Last December, the former director of WSI was convicted of a single felony for misspending more than $26,000 of agency funds.
Today Blunt and his attorney appeared before the state Supreme Court to appeal his conviction.
Blunt`s attorney argued today that the charge should have been acquitted because the judge threw out part of the prosecution`s case.
A Bismarck jury last December found Blunt guilty of using Workforce Safety and Insurance agency funds for a series of unauthorized expenses, including meeting costs and moving expenses for an executive, and giving a firefighter`s group a $15,000 grant. And that was the item of contention at Blunt`s Supreme Court Hearing. Judge Romanick ruled there wasn`t enough evidence that Blunt broke the law in that instance, and Blunt`s attorney says the offenses should have been charged separately to give jurors a chance to judge each one.

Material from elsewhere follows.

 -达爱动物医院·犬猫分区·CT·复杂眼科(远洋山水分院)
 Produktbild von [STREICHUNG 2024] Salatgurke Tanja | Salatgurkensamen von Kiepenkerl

"I don`t understand why you get an acquittal on the entire count," says ND Supreme Court Justice Mary Maring.
"It`s kind of like going to an auction sale and the auctioneer is standing up on the table and he says `Well, here`s a box of stuff. I`m just going to sell the box of stuff rather than pulling each individual item so that we can judge each item and what it`s worth.` That`s what happened here," says defense attorney Michael Hoffman.
Burleigh County prosecutor Cynthia Feland says the grant was only one example of Blunt`s habit of misspending WSI money. It was part of his overall conduct as the agency`s top administrator.
"It just seemed to me that all of these were the same kind of mannerism of how money was being expended with regard to how business was being handled and so that`s why they were all charged as part of one," says Feland.
The Supreme Court will review that case and decide at a later time if Sandy Blunt`s charges will be reversed.
Blunt was given a two-year deferred sentence, and ordered to pay a $2,000 fine and perform a thousand hours of community service.